Petz (Dogz and Catz) is a series of games dating back to 1995, designed by Adam C. Frank and Ben Resner. The player can adopt, raise, care for and breed their own virtual pets. The original Petz has sold over 3 million copies worldwide, and the brand has grown to over 22 million copies since coming under Ubisoft.

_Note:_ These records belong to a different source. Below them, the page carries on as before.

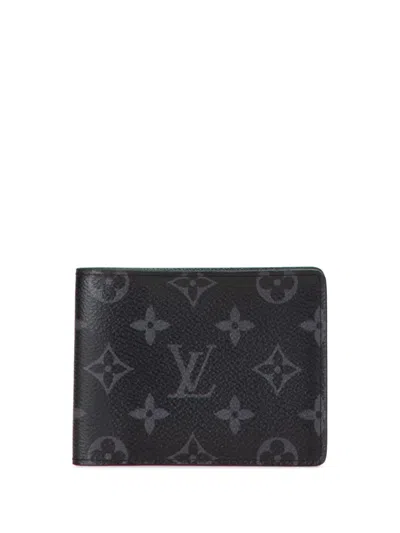 Pre-owned Louis Vuitton 2018 Monogram Eclipse Multiple Wallet Small Wallets In Black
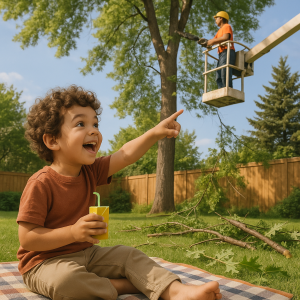 Smiling curly-haired child sitting on picnic blanket and pointing at arborist in lift trimming a tree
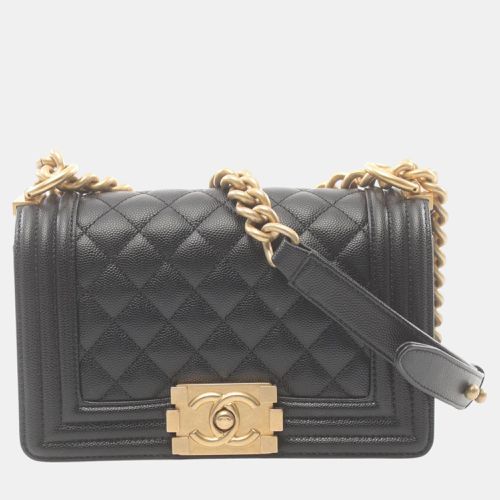 Chanel Black Caviar Skin (Grained Calf) Boy Chanel Small Chevron V-Stitch Shoulder Bag - Chanel - Modalova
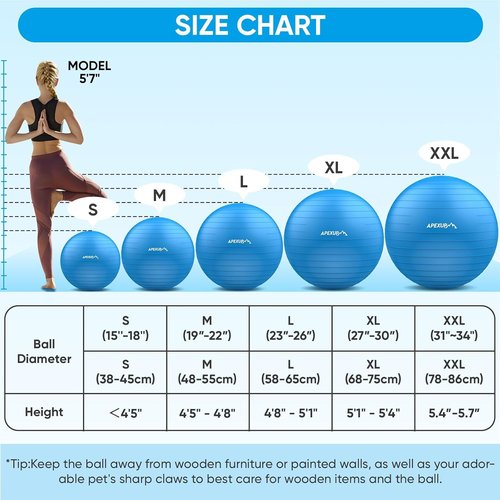 APEXUP Yoga Ball - Anti-Slip Heavy Duty Exercise Ball for Fitness & Core Workouts | 5 Sizes Available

The player starts at the Adoption Center and chooses a Dogz or Catz to adopt of a Breedz and gender of their choice. Once the player has found a Petz, the user can adopt and name the new Puppyz or Kittenz. After around three days (real time) the Petz become adults. Adult Petz can then breed and have Kittenz or Puppyz of their own in Petz 3, Petz 4, and Petz 5. Cross-breeding can create different types of Petz, called 'Mixed Breeds'.

=== Oddballz ===

Oddballz is a virtual pet game created by PF.Magic in 1996 as an alternative to their Dogz and Catz titles. The game had 13 creatures that could be cared for. Along with the creatures, the game has various objects ('toyz') that the player and Oddballz can manipulate. Toyz have different uses ranging from playing to disciplining.

=== Babyz ===

Babyz is a computer game in which one can play with and take care of a group of babies who live in a virtual house on the computer. The game was released in 1999 by The Learning Company, developed by members of PF.Magic working there at the time.